But many on the Catholic Left assume this cannot be relevant, because this fact undercuts what they wish to believe about homosexuality and the priesthood. The conclusion can’t be true, because that would mean that the Bad People have a point, and us Good People are mistaken.

I sense a similar epistemological fallacy at work in this Washington Post story about GOP election strategery, post-Kavanaugh. Excerpt:

Weeks ahead of the midterm elections, Republicans have cast the Trump resistance movement as “an angry mob,” a term used by many of them to describe a faceless amalgamation of forces that they say threaten the country’s order and, they hope, energize their voters.

President Trump and the GOP firmly control Congress and the White House and have massive financial and media infrastructure behind them. But in an effort to flip the midterm elections from a referendum on the unpopular president, they are casting themselves as defenders at the barricades.

In Virginia, Rep. David Brat (R) is running against the “liberal mob,” and GOP Senate candidate Corey Stewart has decried the “mob tactics” that “tried to destroy” Kavanaugh.

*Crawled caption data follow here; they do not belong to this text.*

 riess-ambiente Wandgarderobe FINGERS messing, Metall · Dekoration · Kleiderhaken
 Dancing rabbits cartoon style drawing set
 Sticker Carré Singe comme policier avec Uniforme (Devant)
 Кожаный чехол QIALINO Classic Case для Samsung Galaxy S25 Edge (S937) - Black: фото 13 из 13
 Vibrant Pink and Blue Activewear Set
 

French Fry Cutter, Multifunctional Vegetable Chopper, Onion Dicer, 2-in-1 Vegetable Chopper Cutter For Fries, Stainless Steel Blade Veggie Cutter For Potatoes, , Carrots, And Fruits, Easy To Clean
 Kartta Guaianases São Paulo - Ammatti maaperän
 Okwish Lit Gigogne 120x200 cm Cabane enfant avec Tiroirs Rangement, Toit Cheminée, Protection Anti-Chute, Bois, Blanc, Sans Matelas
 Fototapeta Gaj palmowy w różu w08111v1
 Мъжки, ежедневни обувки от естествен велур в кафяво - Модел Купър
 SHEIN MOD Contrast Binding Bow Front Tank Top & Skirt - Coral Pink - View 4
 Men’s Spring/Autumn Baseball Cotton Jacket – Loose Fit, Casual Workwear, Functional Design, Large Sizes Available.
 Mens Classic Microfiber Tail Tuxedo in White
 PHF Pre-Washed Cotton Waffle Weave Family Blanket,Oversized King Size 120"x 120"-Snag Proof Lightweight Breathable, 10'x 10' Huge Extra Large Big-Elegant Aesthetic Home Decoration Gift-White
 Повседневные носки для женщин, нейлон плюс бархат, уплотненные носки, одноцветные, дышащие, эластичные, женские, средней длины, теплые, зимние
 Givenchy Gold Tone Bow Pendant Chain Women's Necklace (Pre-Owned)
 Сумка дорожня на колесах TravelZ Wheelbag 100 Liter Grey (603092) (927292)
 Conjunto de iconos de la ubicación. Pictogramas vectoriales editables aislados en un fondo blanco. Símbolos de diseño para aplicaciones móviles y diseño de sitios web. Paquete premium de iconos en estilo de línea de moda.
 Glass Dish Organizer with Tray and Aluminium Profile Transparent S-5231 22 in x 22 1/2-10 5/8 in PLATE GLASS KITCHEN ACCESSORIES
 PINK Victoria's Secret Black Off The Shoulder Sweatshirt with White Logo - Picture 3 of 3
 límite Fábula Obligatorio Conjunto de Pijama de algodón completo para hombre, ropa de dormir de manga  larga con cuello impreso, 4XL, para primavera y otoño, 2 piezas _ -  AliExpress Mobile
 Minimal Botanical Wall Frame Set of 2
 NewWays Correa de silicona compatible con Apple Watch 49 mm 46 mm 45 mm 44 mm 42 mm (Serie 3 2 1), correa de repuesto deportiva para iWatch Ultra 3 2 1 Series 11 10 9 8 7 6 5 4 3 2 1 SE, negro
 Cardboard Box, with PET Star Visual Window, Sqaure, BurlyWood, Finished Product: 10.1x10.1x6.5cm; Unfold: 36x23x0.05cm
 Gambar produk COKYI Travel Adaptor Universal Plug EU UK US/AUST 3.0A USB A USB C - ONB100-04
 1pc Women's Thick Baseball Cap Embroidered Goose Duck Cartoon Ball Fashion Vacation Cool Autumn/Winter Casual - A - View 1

“When we’re out at grocery stores or at events, we’re finding swing voters are turned off by how Kavanaugh was treated,” Rep. Peter T. King (R-N.Y.) said. “Chasing senators down the hall, running up the stairs at the Capitol — we’ve been taken aback by how people have reacted to it. And we’re responding.”

The characterization evokes fear of an unknown and out-of-control mass of people, and it taps into grievances about the nation’s fast-moving cultural and demographic shifts that Republicans say are working against them. With its emphasis on the impact on traditional values and white voters, particularly men, it strikes the same notes as earlier Trump-fanned attention to immigrants, MS-13 gang members and African American football players protesting police treatment of young black men.

This is a straight news story, not an op-ed.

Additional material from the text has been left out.